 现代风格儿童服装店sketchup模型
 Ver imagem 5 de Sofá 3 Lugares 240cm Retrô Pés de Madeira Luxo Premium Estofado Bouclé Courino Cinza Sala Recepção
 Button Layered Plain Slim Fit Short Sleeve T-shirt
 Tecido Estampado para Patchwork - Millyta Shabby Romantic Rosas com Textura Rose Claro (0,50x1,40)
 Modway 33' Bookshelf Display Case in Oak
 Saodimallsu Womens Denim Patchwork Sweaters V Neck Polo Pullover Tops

What this task involves. Reproduce exactly the entries above, limited to the lines from the one with "Ver imagem 5" through the one with "Modway 33' Bookshelf Display Case in Oak", both included.

Answer to this task.
 Ver imagem 5 de Sofá 3 Lugares 240cm Retrô Pés de Madeira Luxo Premium Estofado Bouclé Courino Cinza Sala Recepção
 Button Layered Plain Slim Fit Short Sleeve T-shirt
 Tecido Estampado para Patchwork - Millyta Shabby Romantic Rosas com Textura Rose Claro (0,50x1,40)
 Modway 33' Bookshelf Display Case in Oak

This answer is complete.